In these days of uncertain markets – and an uncertain economy – risk can seem almost omnipresent in business. But how do you manage risk prudently – yet still grow your company?
That timely question reminds me of an interesting talk I heard this past summer by Harvard Business School professor (and MIT alumnus) Robert S. Kaplan. Kaplan is perhaps best known for his work codeveloping the Balanced Scorecard concept.
But, as Kaplan explained to a Harvard Business School Executive Education class this summer, he began exploring the topic of risk management in the wake of the 2008 financial crisis, after he saw venerable firms such as Lehman Brothers and Bear Stearns collapse – despite having risk management functions.
Here are a few of Kaplan’s insights on the topic of risk management.
There are three categories of risks. The first category, Kaplan said, are risks from employees’ undesirable and unauthorized actions. “These risks are the ‘known knowns,’ and the organization gets no benefits from allowing them to occur,” according to Kaplan. So, he advised, “enterprises should strive to completely avoid ‘Category I’ risks.”

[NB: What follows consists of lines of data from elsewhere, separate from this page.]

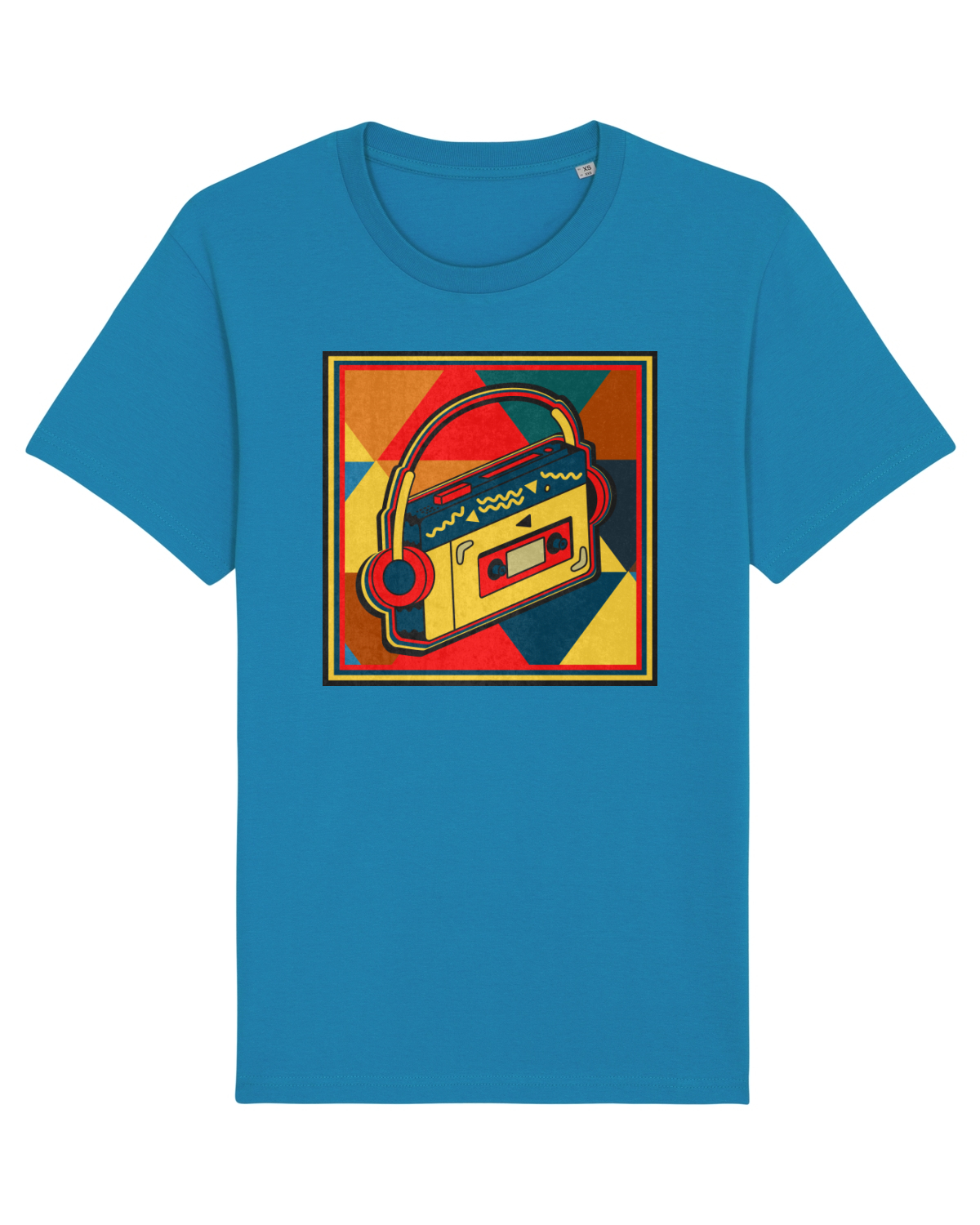 Tricou mânecă scurtă Unisex Rocker Azur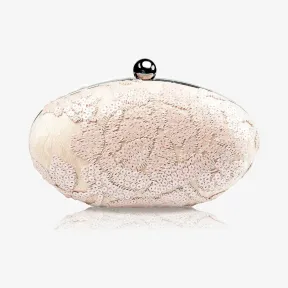  珠片蕾丝椭圆形手包 CL04AGF-ANTPK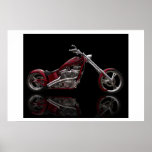 Custom Chopper Motorcycle posters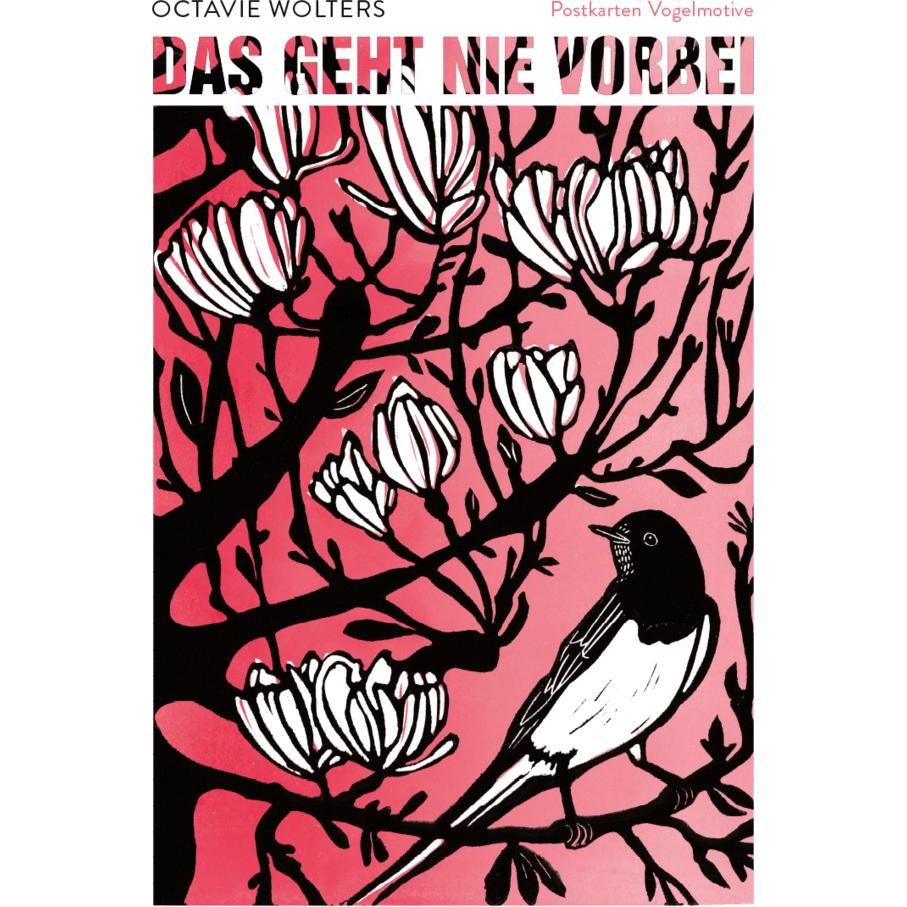 Freies Geistesleben, Grusskarte + Briefpapier, Wolters:Das geht nie vorbei - Vogelmoti (1 Stk.)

Category II risks, on the other hand, are the kind of risks a company can’t avoid: the risks of not achieving the enterprise’s strategic objectives. “All interesting strategies have some kind of risk,” Kaplan pointed out.
And the third category of risk, according to Kaplan? Risks from certain uncontrollable external events, such as a volcano eruption that affects air travel — or a tsunami that affects your supply chain. Many companies, he observed, don’t even know that they don’t know about how such external events can undermine their strategies.
Learn from close calls. When it comes to Category I risk from employee actions, “you’ve got to look at…‘near misses’ and why they occur,” Kaplan observed. In particular he noted, as your business expands and gets more complicated, your internal auditors may not have the control systems and competencies to understand your new businesses – which can be a problem, because new business are where you’re more likely to have problems. In Kaplan’s view, the recent trading failure at UBS, which cost the CEO his job, is an example of a Category I risk that should have been avoided.